Using ERA-Interim reanalysis data we examine extratropical-to-tropical potential vorticity (PV) intrusions in the upper troposphere-lower stratosphere in the days and weeks surrounding the occurrence of major sudden stratospheric warmings (SSWs). Our analysis reveals that PV intrusion events that are associated with SSWs are notably different in both geographic location and magnitude when compared to their climatological counterparts.

In particular, while PV intrusions during non-SSW time periods are concentrated in the eastern Pacific and Atlantic Ocean basins where the presence of climatological ‘westerly ducts' supports the propagation of wave energy deep into the tropics, PV intrusion events that are associated with SSWs have unique geographic centers of action that are dependent on the type of SSW involved (i.e. split versus displacement). Our results indicate that the patterns of anomalous PV stirring during SSWs are symmetrical about the equator and are associated with zonally asymmetric shifts in jet structure, anomalously strong barotropic Rossby wave trains, and a secondary, hemispherically symmetric PV response that is centered on the equator.
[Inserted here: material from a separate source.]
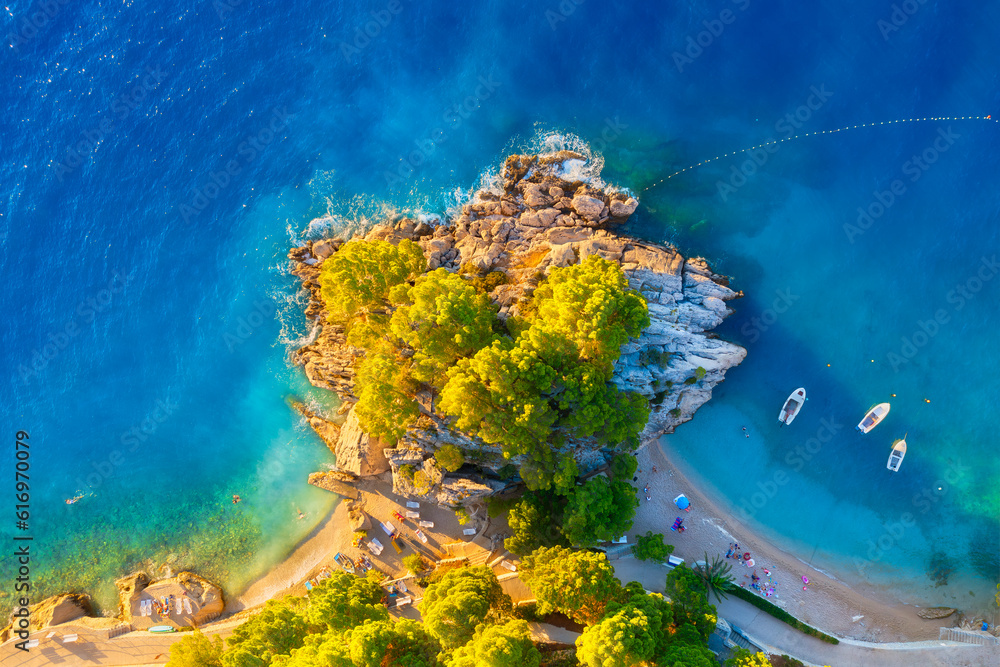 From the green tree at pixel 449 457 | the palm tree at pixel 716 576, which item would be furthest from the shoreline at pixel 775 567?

Moreover, we also find that PV intrusions that occur during SSW time periods are significantly stronger and penetrate far more deeply into the tropics than climatological intrusion events.

In light of the strength of the SSW-associated PV intrusion events and their unique geographic centers of action, we consider the implications for how the PV intrusions and associated wave breaking events may modulate tropical convection, the mixing of trace constituents, and the Brewer-Dobson circulation in both hemispheres.